Honduran officials have announced that confiscated firearms will be redistributed among the security forces, boosting ill-equipped agencies, and diverting the arms away from the black market.

Officials estimate the police currently have 4,000 weapons stored as evidence. Those that are legal in Honduras, for the most part handguns, will be distributed to police, military and Justice Department officials. The illegal guns, including AK-47s and carbines, will be destroyed, reported El Heraldo.

The announcement comes at a time when civil society groups are calling for the government to revive proposed gun control laws, which have been languishing in the Honduran Congress for four years, reported El Heraldo.

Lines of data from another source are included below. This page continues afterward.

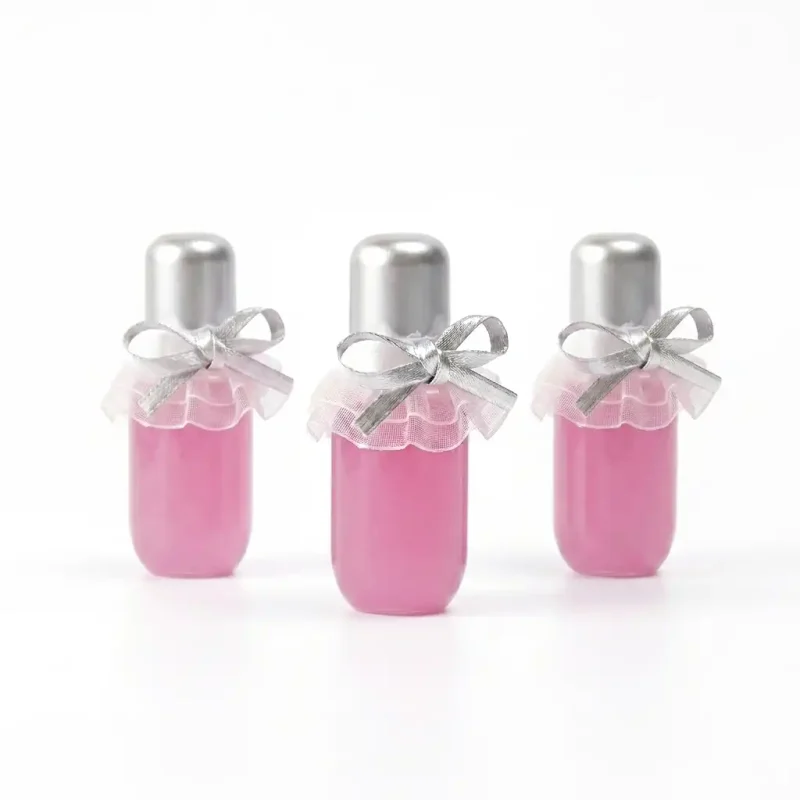 BOTTLE LIP D177
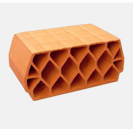 [88302160203000] Abobadilha 40x12x25 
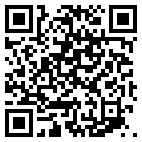 QR Code for Estella Flowers in Albuquerque, NM 87101
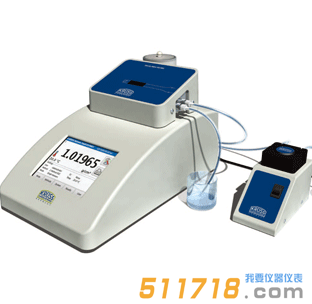 德國(guó)kruess DS7800 德國(guó)kruess DS7800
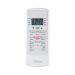 Midea MPPHA-07CRN7-Q мобильный кондиционер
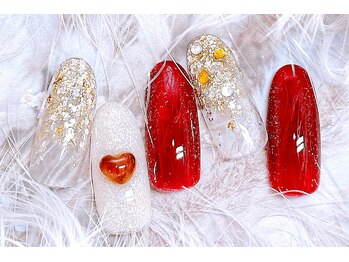 初回オフ無料選べる定額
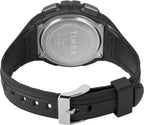 Timex - Reloj digital unisex, 43 mm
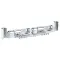 Hinge Kit  for Alto-Shaam Part# HG2535
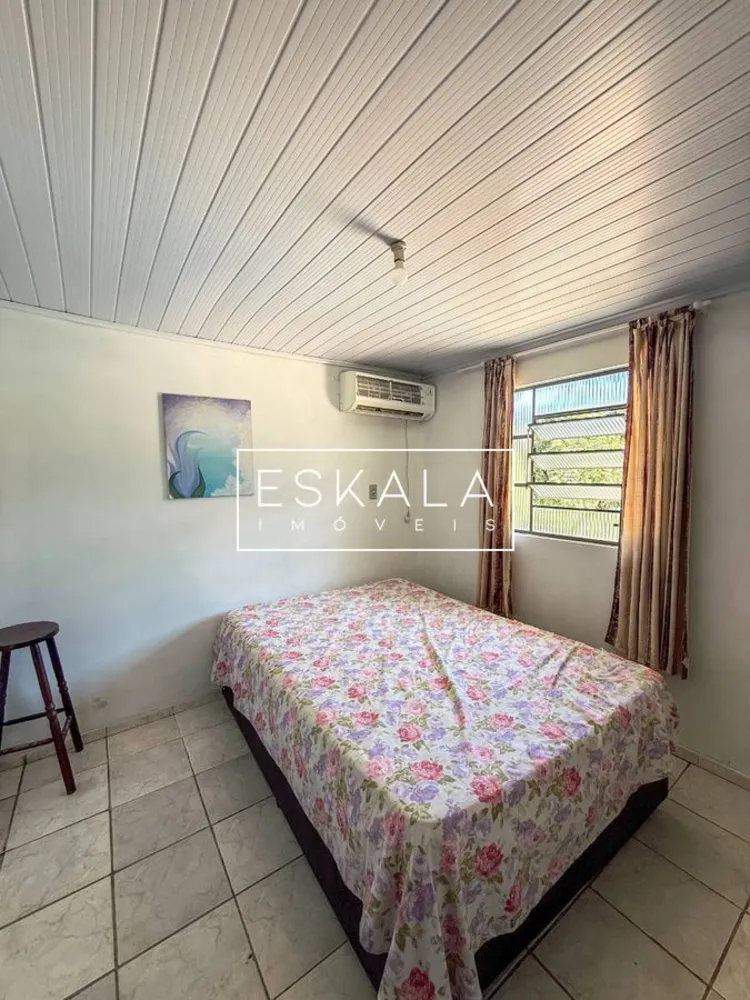 Chácara, 4 quartos, 775 m² - Foto 6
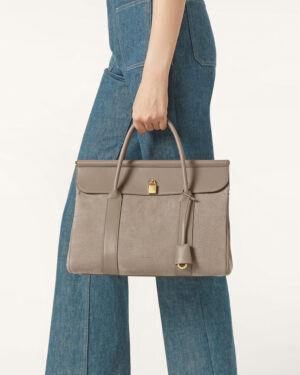 [로로피아나] 룸 백 L32 FAP3201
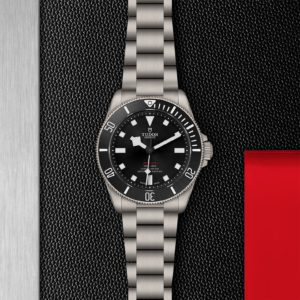 Pelagos 39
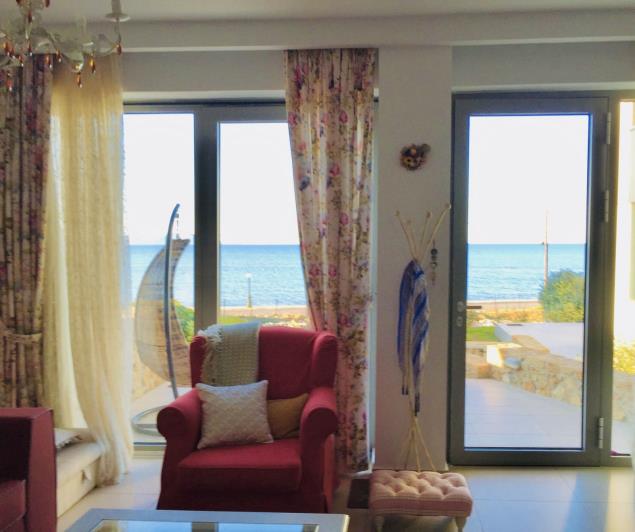 Image No.10-3 Bed Villa for sale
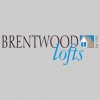 Brentwood Lofts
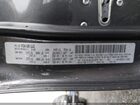 2020 Jeep Cherokee Latitude Plus 4x4 Gray vin: 1C4PJMLX2LD613276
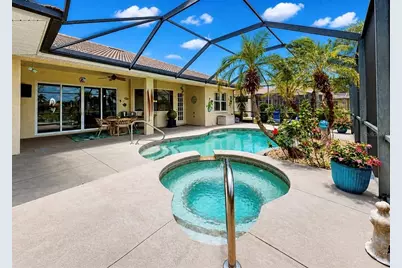 2208 Myrtle Vista Court, Sun City Center, FL 33573 - Photo 43
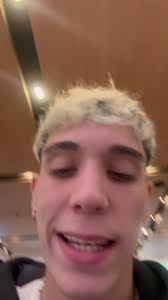 Viaje de 3000 km por amor para San Valentín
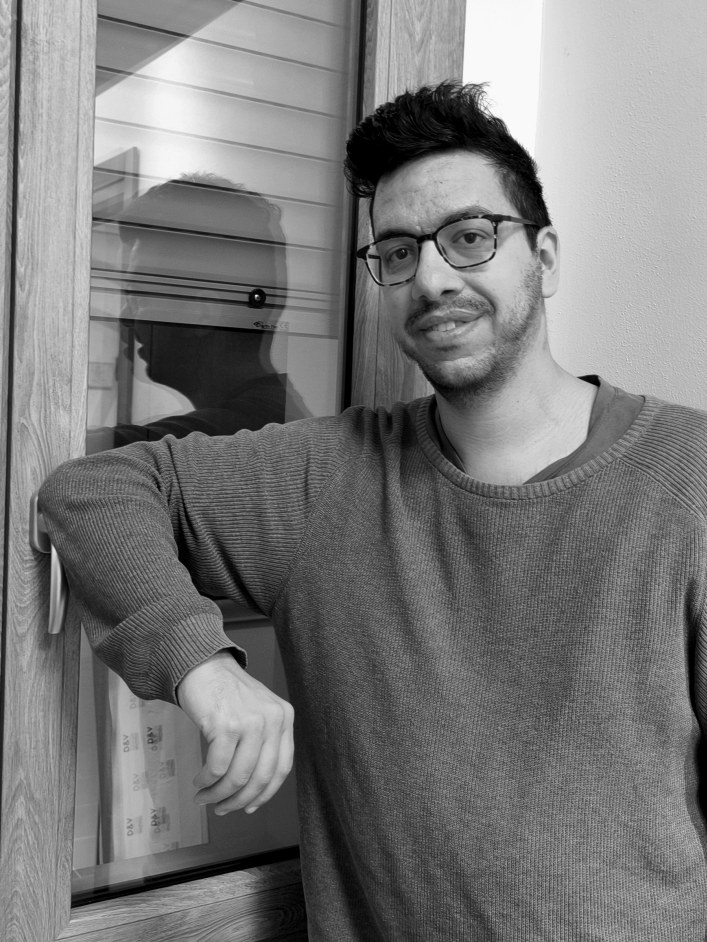 luca 1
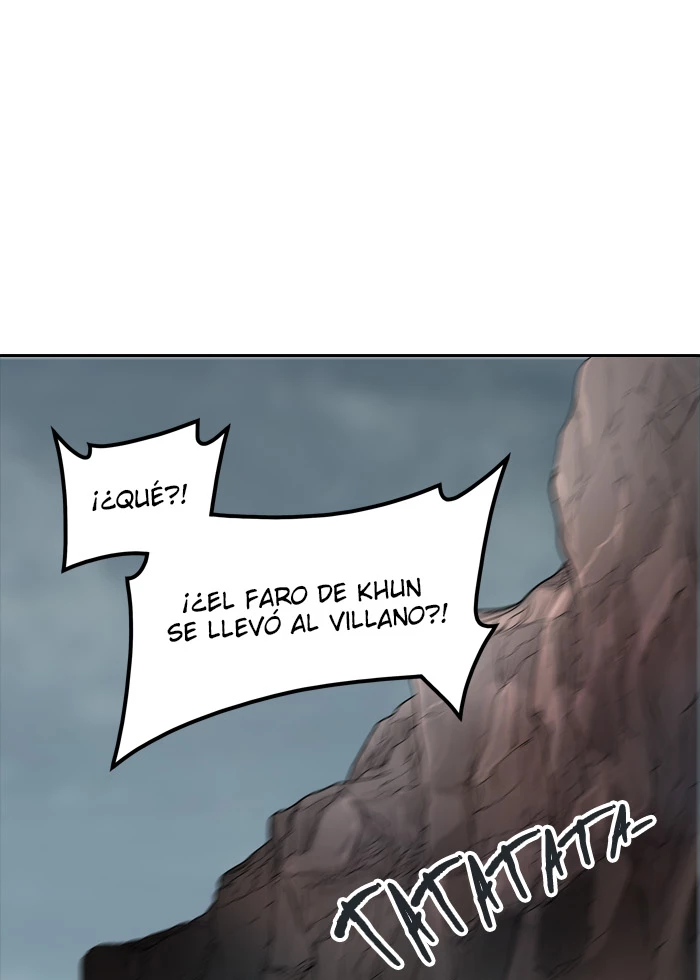 El irregular capítulo 361, página 19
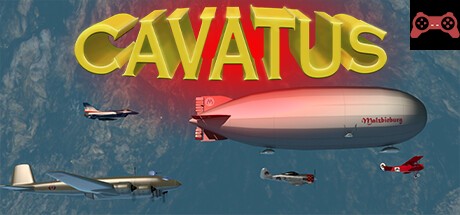 Cavatus System Requirements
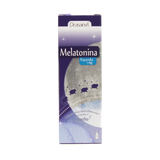 Melatonina Líquida · Drasanvi · 50 ml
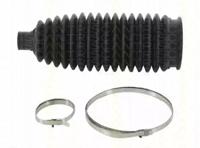 Triscan 850010033 Пыльник рулевой рейки Triscan 850010033 Пыльник рулевой рейки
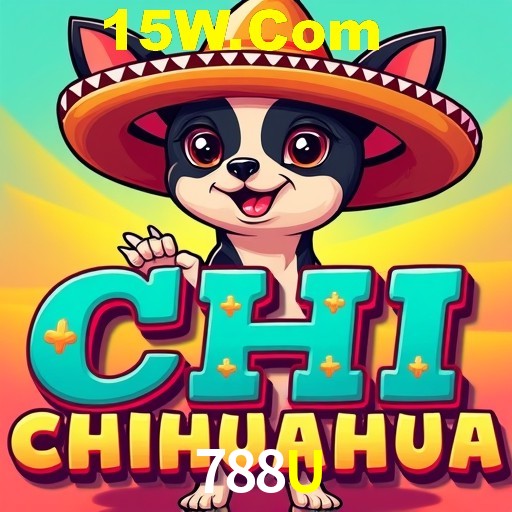 Games Directory 788U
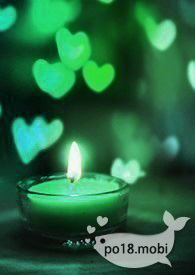 坏女孩(校园1v1H)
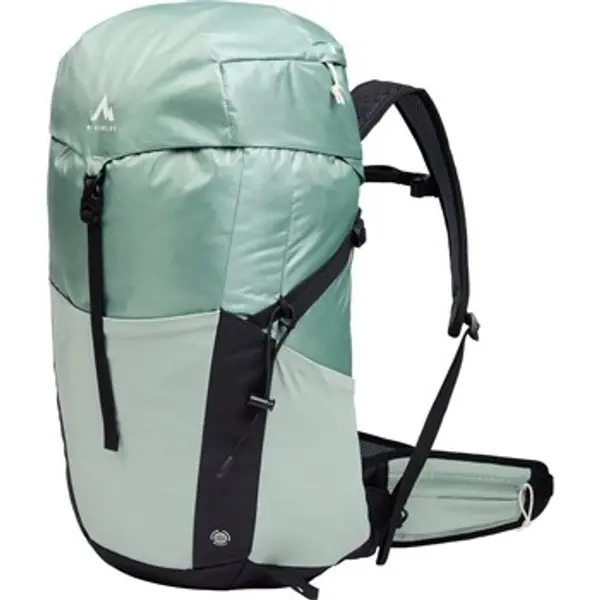 Mckinley Mckinley  Ruksaci 430916901  Mckinley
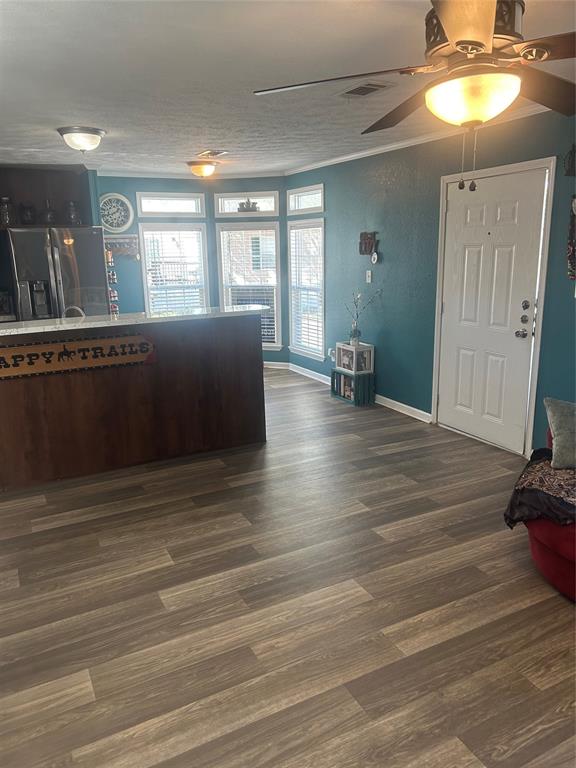 Shadow Mountain - Residential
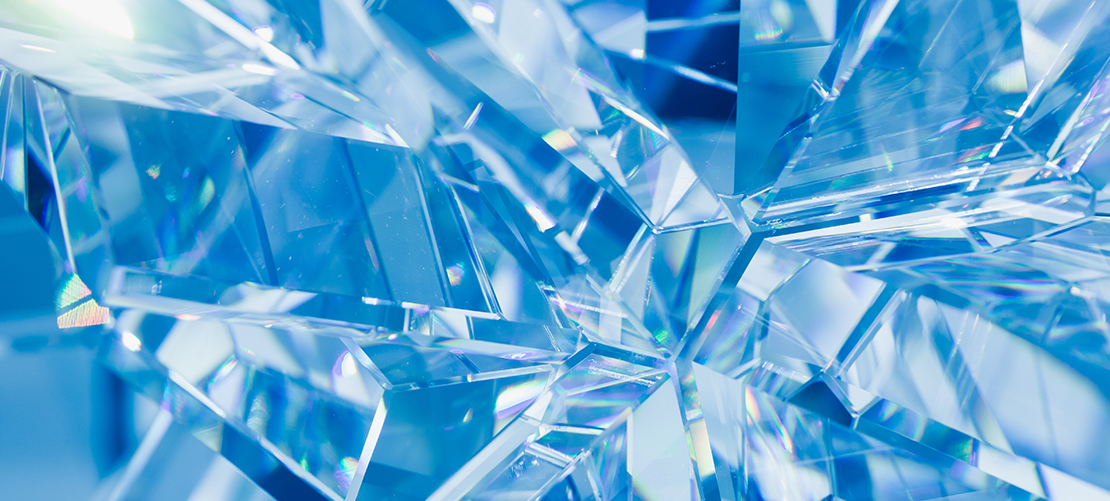 Competing for talent - what employers need to know to avoid breaking competition law Competing for talent - what employers need to know to avoid breaking competition law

Two proposals to tighten restrictions on access to guns, and to improve registrations, have been stalled in Honduras’ Congress since 2009.

InSight Analysis

The decision to redistribute seized weapons will not only help equip Honduran security forces, but could also help avoid the sort of leakage the country has seen in the past — as in 2011 when approximately 3,000 guns disappeared from government warehouses.

A concern, however, is that Honduras’ police and military have often been accused of carrying out extrajudicial executions.

However, of more pressing concern is the need to reform Honduras’s famously lax gun control laws. According to the National Commissioner for Human Rights (CONADEH), there are more than 850,000 guns in Honduras, yet only 258,000 are registered.

The ready availability of weapons undoubtedly contributes to Honduras’ title of the world’s murder capital, as over 80 percent of murders are carried out with firearms.

However, imposing stricter gun laws will not necessarily lower the murder rate, as there are many structural factors, including drug trafficking and political divisions, that contribute to violence.